やはり、ミステリファンたるもの各種の毒については理解を深めておきたいものですね。
また、将来、完全犯罪の計画が必要になるかもしれませんから、そういう点でもおさえておきましょう。

特にクロゴケグモ、スズメバチ、ジョロウグモの毒がどういう生理的メカニズムで作用していくのかについて、わたしのような素人にもわかりやすいように書いてあります。
また、研究経緯や虫の採集の苦労話も楽しめます。
すこし、カタカナと専門用語が多いけど。

クモの仲間でもクロゴケグモの毒はシナプス前膜にはたらき、ジョウロウグモ、コガネグモの毒はシナプス後膜にあるグルタミン酸受容体を阻害する。
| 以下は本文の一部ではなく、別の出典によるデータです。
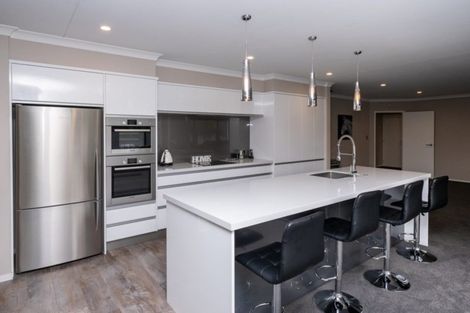 Photo of property in 8 Cordelia Street, Stratford, 4332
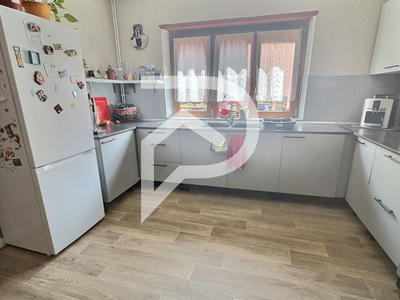 Maison de village - 125 m² - 6 pièces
さらに、クサグモ類の毒はカルシウムチャンネルを疎外するそうです。
なぜこのように種によって違う毒をもっているのか?著者は出現時期、生息場所、えさの種類によってすみわけているのではないかと考えています。

クロゴケグモよりさらに危険なのはスズメバチで、特にオオスズメバチ毒はテトロドトキシン(フグ毒)に作用が似ているそうです。これが一番使えそうですね。

ジョロウグモは人間には全く危険はありません。
逆にジョロウグモ毒は虚血性脳疾患に利用できる可能性があるとのことです。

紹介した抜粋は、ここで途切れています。